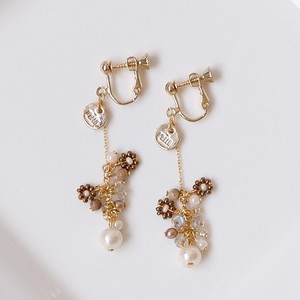 Clip-On Earrings Gold Post Volume Cotton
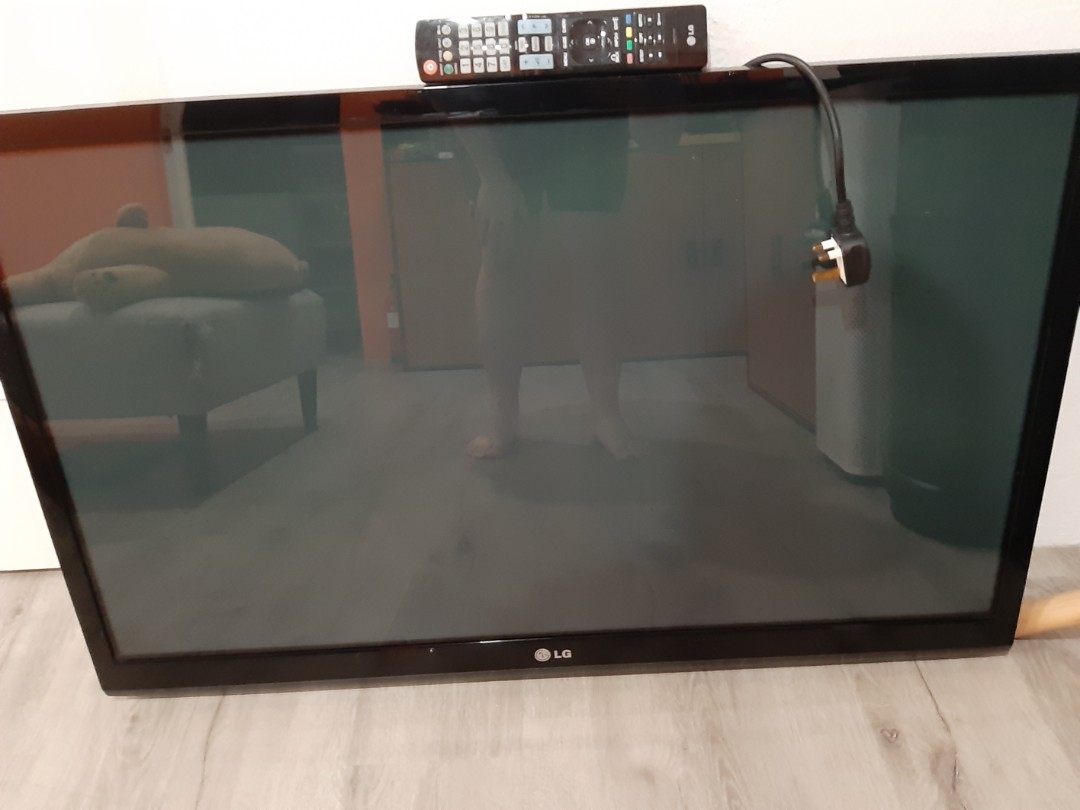 LG TV 42", TV & Home Appliances, TV & Entertainment, TV on Carousell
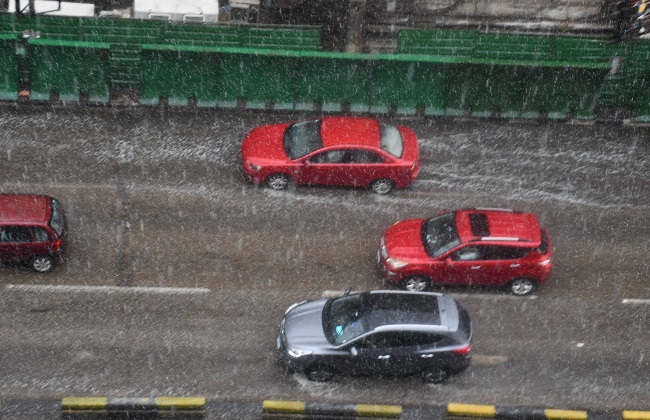 الأرصاد أمطار وثلوج ودوي للرعد فوق سماء القاهرة الكبرى الآن 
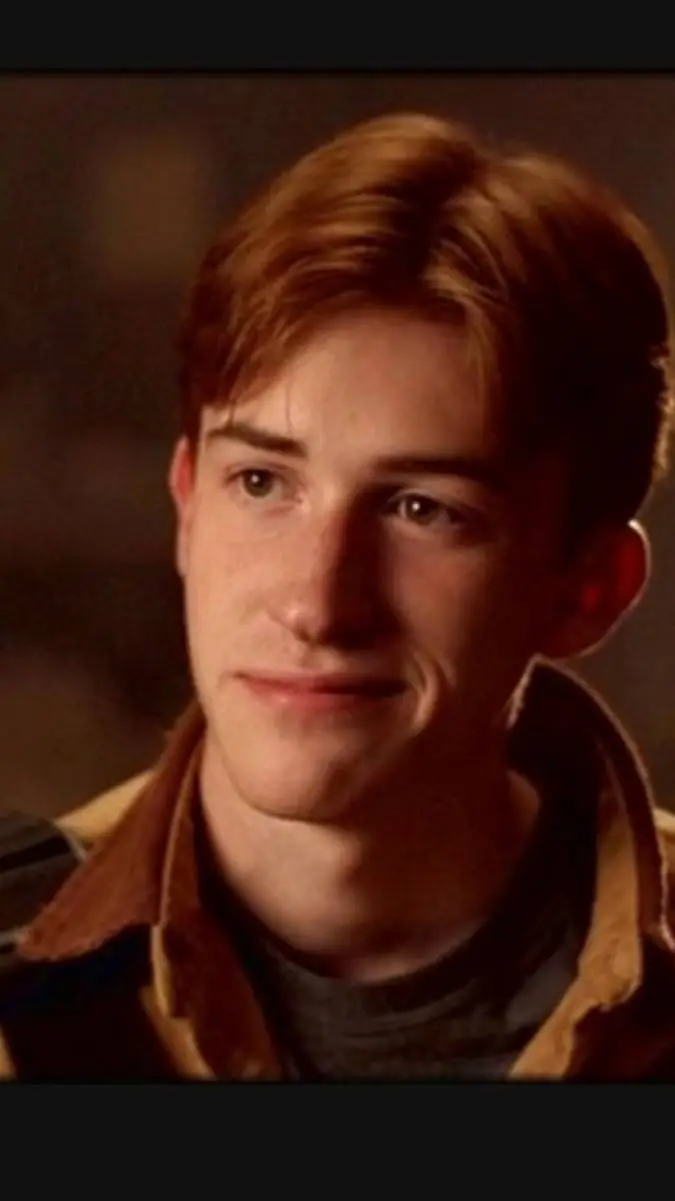 Talkie AI - Chat with Joseph Mazzello 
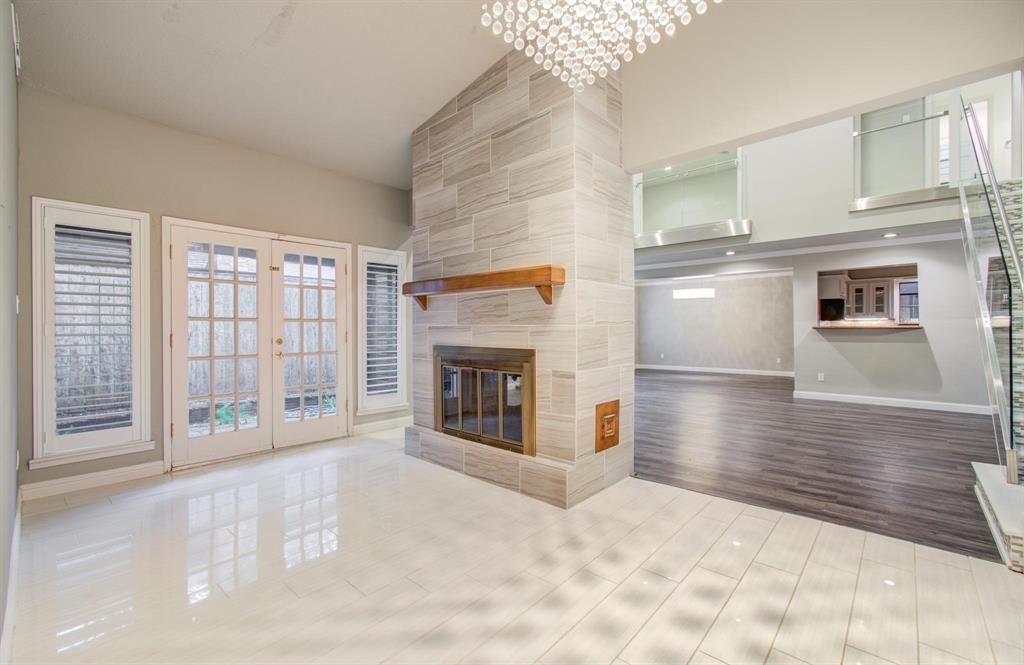 10315 Meadow Lake Lane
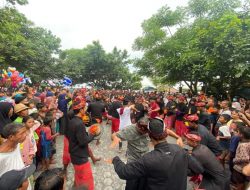 Ribuan Orang Tumpah Ruah Hadiri Acara Pembukaan Festival Bersin Puasa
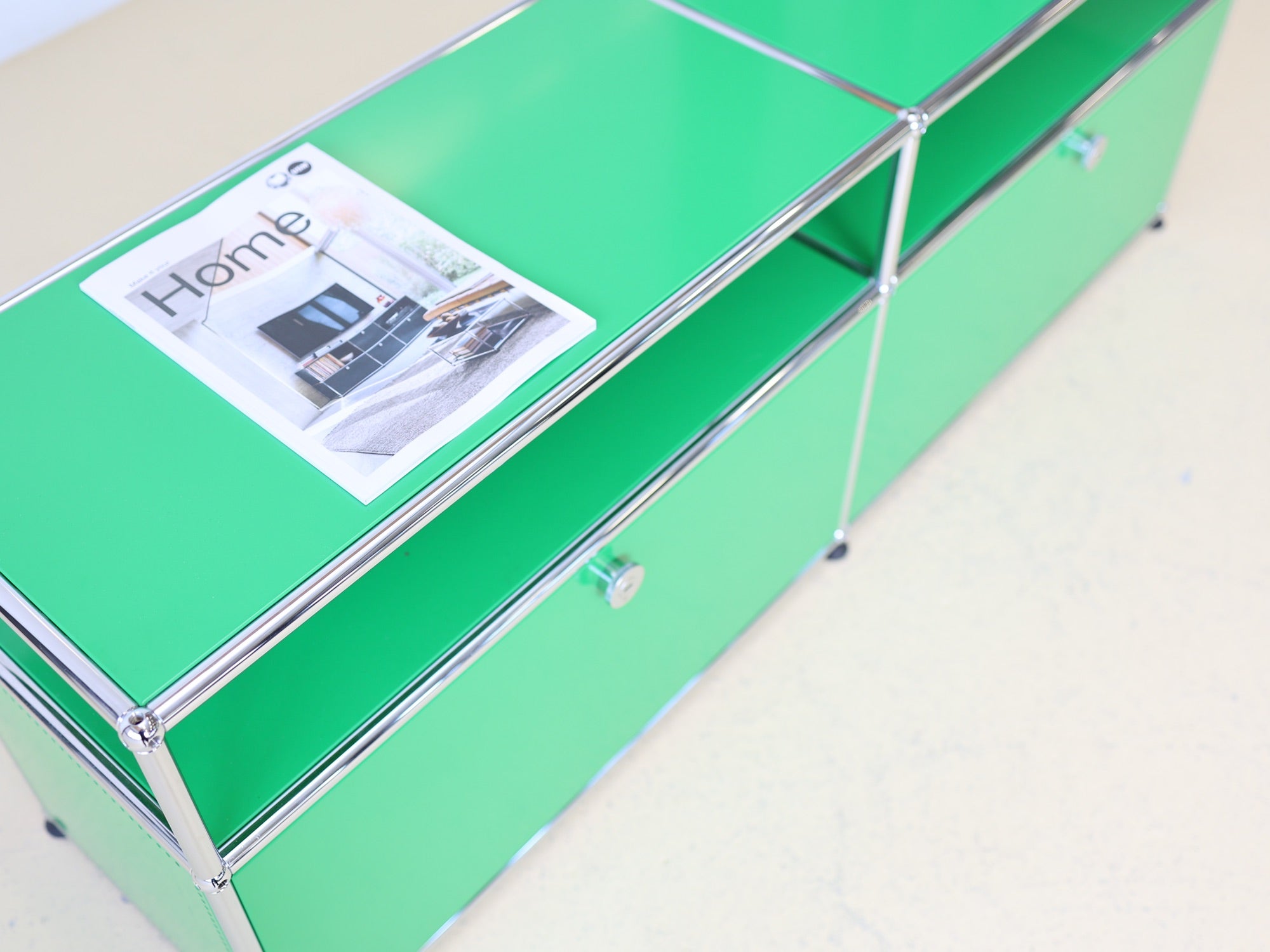 USM Haller Lowboard grün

## PROBLEM REQUIREMENTS
Write the records out once more, exactly as they appear, with no pictures.

## YOUR SOLUTION
 Clip-On Earrings Gold Post Volume Cotton
 LG TV 42", TV & Home Appliances, TV & Entertainment, TV on Carousell
 الأرصاد أمطار وثلوج ودوي للرعد فوق سماء القاهرة الكبرى الآن 
 Talkie AI - Chat with Joseph Mazzello 
 10315 Meadow Lake Lane
 Ribuan Orang Tumpah Ruah Hadiri Acara Pembukaan Festival Bersin Puasa
 USM Haller Lowboard grün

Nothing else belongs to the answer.